You’re probably familiar with typical table grapes like Concord, Thompson or the trendy cotton candy grapes, but did you know there are between 8,000 and 10,000 other varieties of the fruit around the world? One type botanically classified as Vitis vinifera is more commonly known as moon drop grapes, and you might want to try them if you get the opportunity.
Moon Drop Grapes Appearance and Flavor
While “Moon Drop” is actually an umbrella brand that appears on the packaging at grocery stores, the grape you’ll primarily see under this umbrella is the grape trademarked as the “Sweet Sapphire.”
Moon Drops and other Sweet Sapphire grapes are unique due to their shape and color. The medium-to-large grapes are about 1 1/2 inches long and have an elongated cylinder shape. The grapes’ skin is dark purple, sometimes appearing black, with a blue-gray bloom covering them and a distinctive dimple on one end.
The flesh of these grapes is translucent purple-green. It is crisp and seedless with a firm consistency that allows the fruit to be snapped open using only your fingers.
As for taste, Moon Drop grapes are sweeter than standard black grape varieties with a more intense grape flavor. In addition, the grapes contain tannins that provide a balanced sweet-tart flavor, and their consistent texture makes them more palatable for people with sensory issues.
Health Benefits of Moon Drop Grapes
Like other common grapes, they are a good source of dietary fiber and nitrogenous compounds such as proteins and amino acids. In addition, they contain beneficial minerals such as iron, potassium, zinc, calcium and manganese and numerous vitamins such as vitamin A, vitamin C, vitamin K, vitamin B1 (thiamine), B2 (riboflavin), B3 (niacin), B6 (pyridoxine) and B9 (folate).
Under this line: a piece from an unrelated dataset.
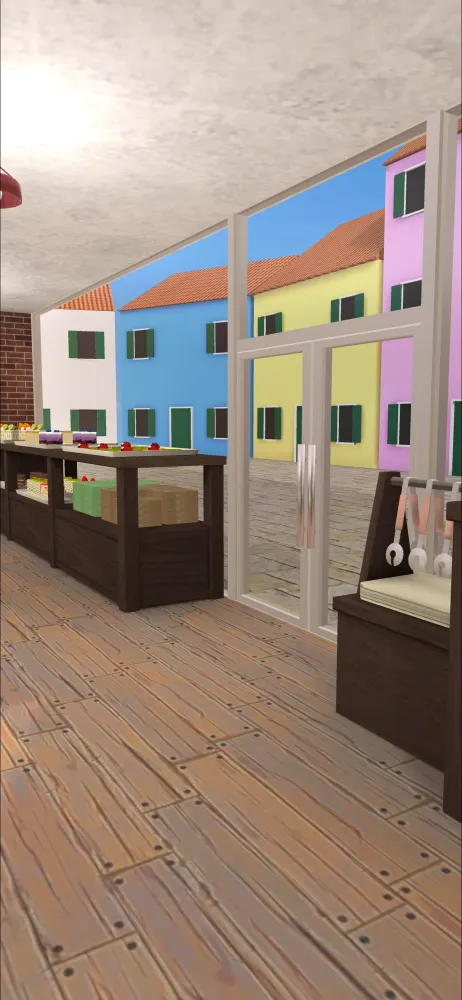 Bring happiness Pastry Shop Screenshots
Moon drop grapes are also an excellent source of phytonutrients such as phenols, polyphenols, anthocyanins, resveratrol and flavonoids. These plant-based nutrients can help protect against chronic diseases, cancer and cardiovascular disease.
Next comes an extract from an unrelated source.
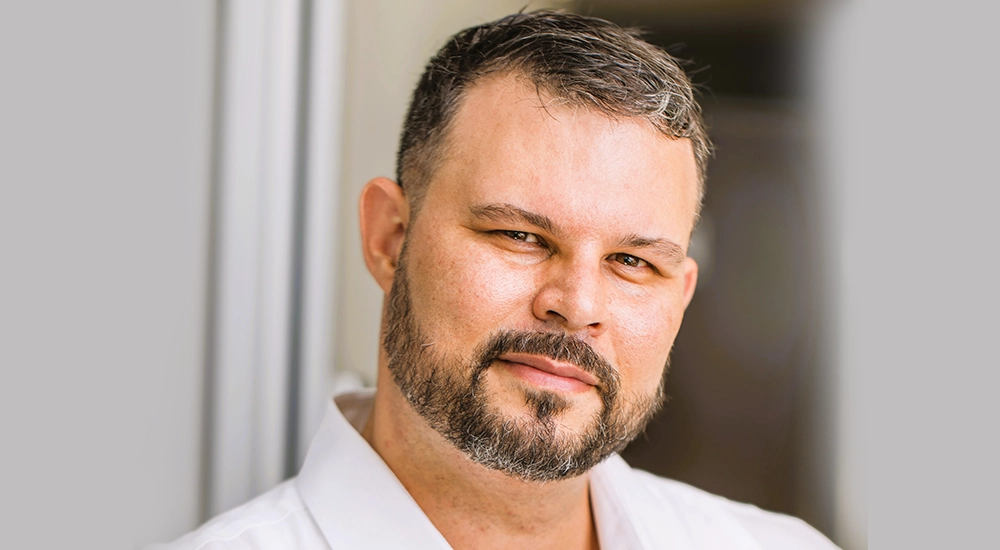 Ian Kruger, Presales and Engineering Manager at NEC XON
Finding and Enjoying Sweet Sapphire Grapes
Unlike other familiar grape varieties, the grapes aren’t available all year, nor in every store. In addition, because of their limited growing season, they are only available from mid-August to late October.
If you’re lucky enough to spot them, look for grapes that are firm in bunches without many loose grapes, as this can signify that they have started to turn. Then, you can add them to a fruit salad, freeze them, roast them or snack on them straight out of your hand.
Correction: An earlier version of this story identified the grape’s licensee as its creator. The grape was created by IFG.